Though it may be hard to believe from the poor-quality photograph above (taken in poor lighting on an overcast afternoon), these are pretty flowers. What you are looking at are the blossoms of the t'úng 桐 tree, an annual floral event that happens at this time of year in central T'áiwān 台灣. A important part of the culture of the Hakka people 客家, Taiwanese poets of centuries past penned odes to the beauty of the tung blossom 桐花, while groups of people would gather under the trees when the flowers were in full bloom, to drink tea and engage in merriment…
…or so the tourist authorities would have you believe. In actuality, until about ten years ago, few people gave much thought to the humble tung blossom. The trees had always been there, but they hardly registered on the radars of most Taiwanese. What changed was that in the early part of this century (around the year 2002), the government implemented a five-day work week. This, in turn, triggered a leisure boom among the local populace. With the standard litany of sightseeing spots having been exhausted long ago, there was suddenly a demand for new places to visit, and new things to do, on the weekends. Some bright mind (or minds) took note of the beautiful tung trees flowering every April or May, and conjured up an image of the white blossoms that had fallen to the ground looking like a carpet of snow. On this island of almost-perpetual warm weather, snow is of great interest, and it wasn’t long before the tour buses and family cars descended on those areas blessed (or cursed?) with numerous t'úng trees. And, thus, a new tradition was born.
The above picture was taken on Tuesday afternoon in the hills of the Tàk'ēng area 大坑風景區, but THE place to see the tung blossoms has to be Sān'ì 三義, in Miáolì County 苗栗縣. Sanyi itself has greatly benefited from the five-day work week.

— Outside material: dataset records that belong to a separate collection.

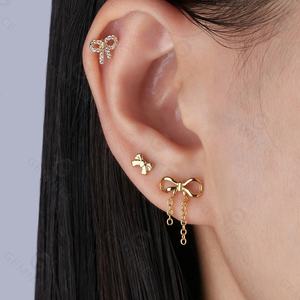 Joyerí<span class=keywords><strong>a</strong></span> de moda para mujer, aretes hipoalergénicos con parte posterior plana roscada, plata 925, - Product Image 3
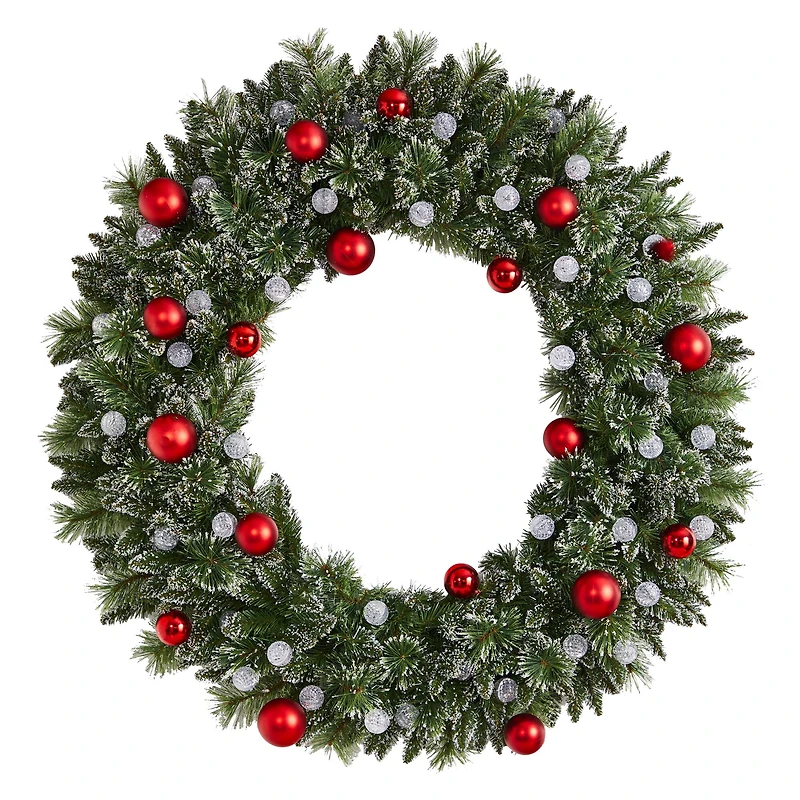 4ft. Oversized Pre-Lit Frosted Holiday Christmas Wreath with Ornaments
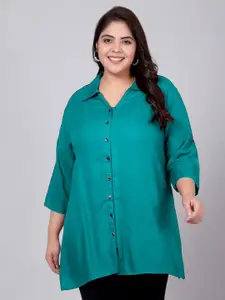 Indietoga Women Plus Size Longline Casual Shirt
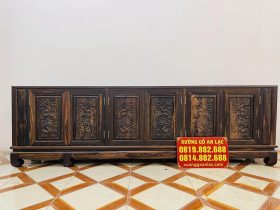 mẫu kệ tivi gỗ mun hoa lào đục tứ linh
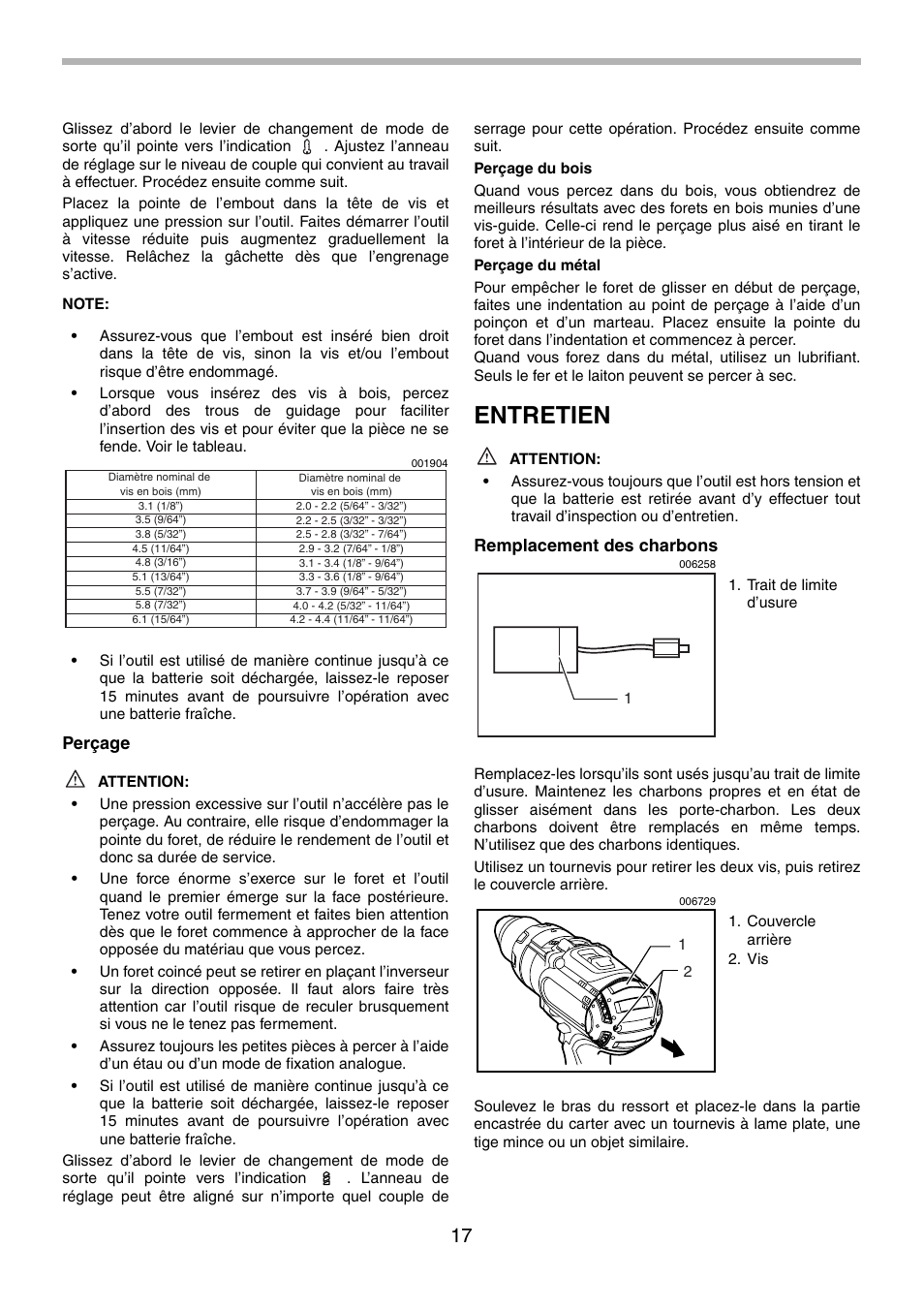 Entretien, Perçage, Remplacement des charbons | Makita BHP451 User Manual | Page 17 / 32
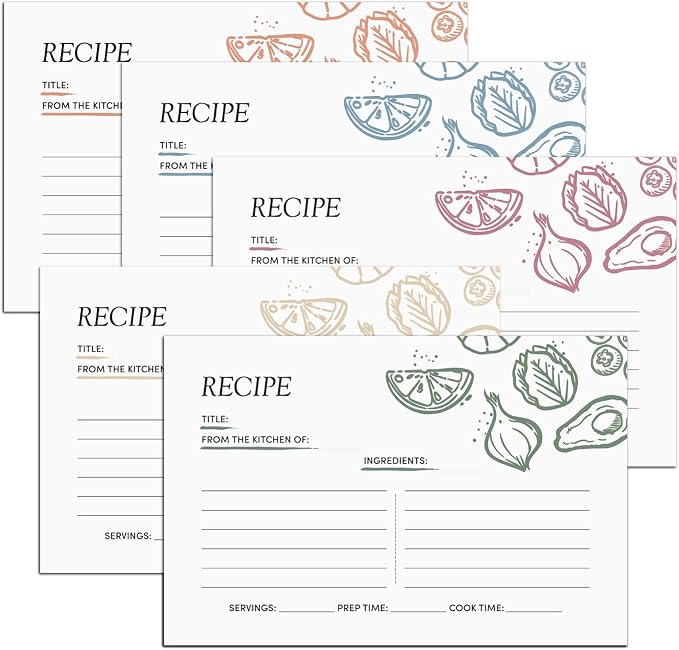 Recipe Cards, 4x6 Recipe Cards for Bridal Shower and Weddings, Double-Sided by GardenCity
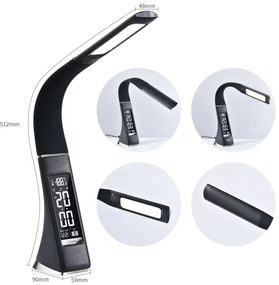 Immax 08947L - Lampada da tavolo LED dimmerabile con display LEATHER LED/6,5W/5V nera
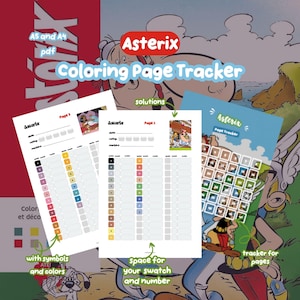Könnte beinhalten: Ein digitales Asterix Coloring Page Tracker Dokumentenset mit A5 und A4 PDF Optionen. Die Seiten enthalten Abschnitte für Datum, Bewertung, Marker sowie ein Raster mit Symbolen, Farben und Feldern für Farbmuster und Nummern zur Fortschrittskontrolle.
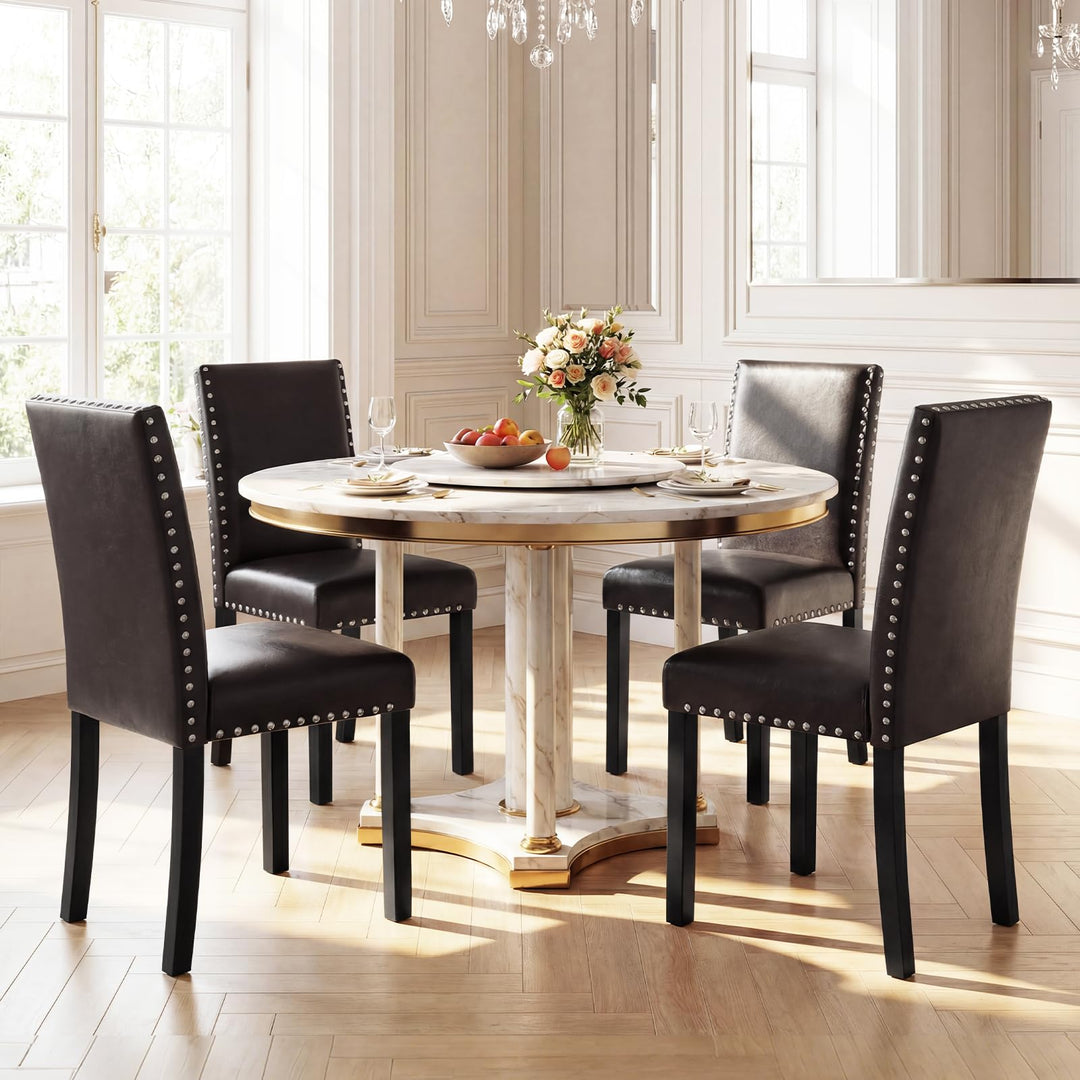 Giantex Dining Chairs Set of 2/4 with Solid Rubber & Bent Wood Legs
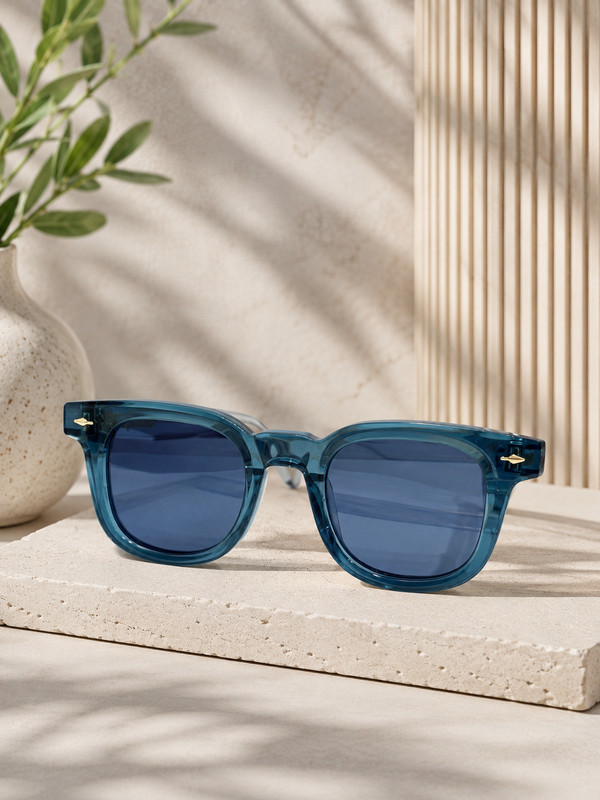 Jacques Marie Mage Blue Crystal Acetate Sunglasses Square Frame UV Protection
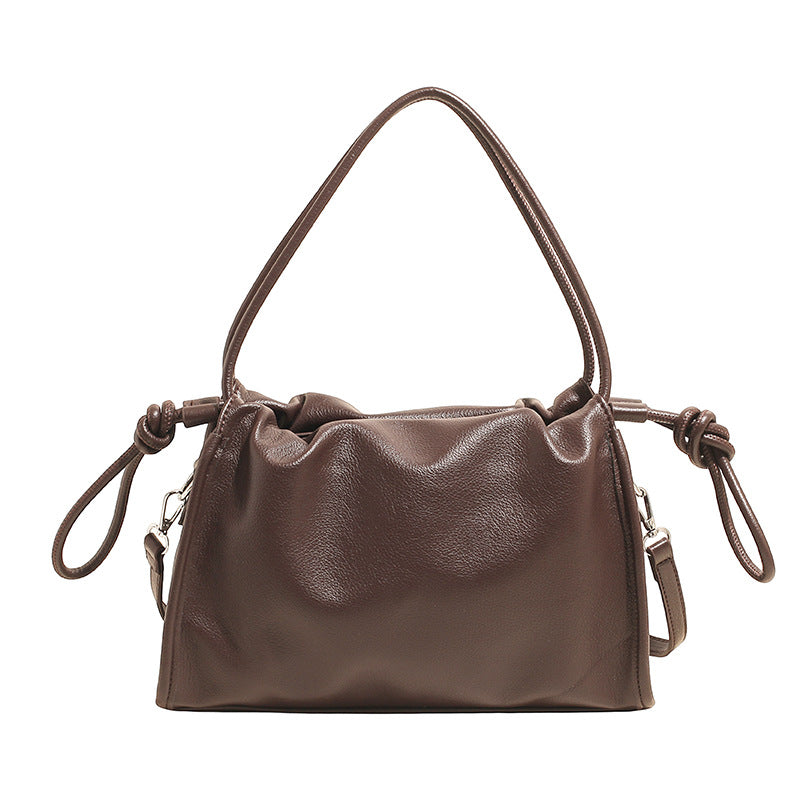 Women's Niche Pleated Soft Leather Cloud Idle Women's Shoulder Bag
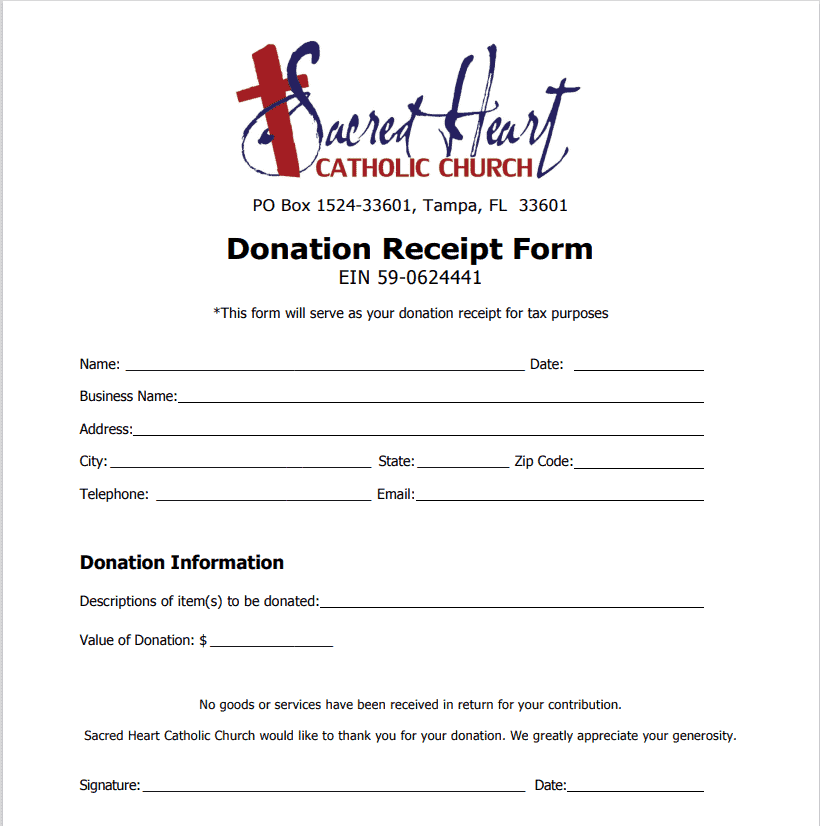 BEST 50+ Useful Donation Receipt Templates [WORD, PDF & EXCEL] - Word ...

There was a time when the town was known only for its wood sculptures (and sculptors), and people would go there to browse in the shops, and perhaps come home with a nice souvenir. Back then, the disused Shènghsīng train station 勝興車站 was just that – an abandoned stop on a discontinued rail line that no one gave much thought to. At the turn of this century, when my wife and I first started seeing each other, she took me to Shengxing. I recall there being only a couple of restaurants and very few (if any) souvenir stands. It may have been possible that that we were the only two visitors there that afternoon. In any case, it was definitely a far cry from the present day, when even on weekdays, you can find a lot of people walking around, and doing what Taiwanese tourists do best – taking pictures of themselves, eating high-calorie snack foods and buying tacky souvenirs. If you go on weekends, be prepared – words like “circus” or “zoo” can’t begin to describe the way in which this part of Sān'ì has “benefited” from the ongoing leisure boom.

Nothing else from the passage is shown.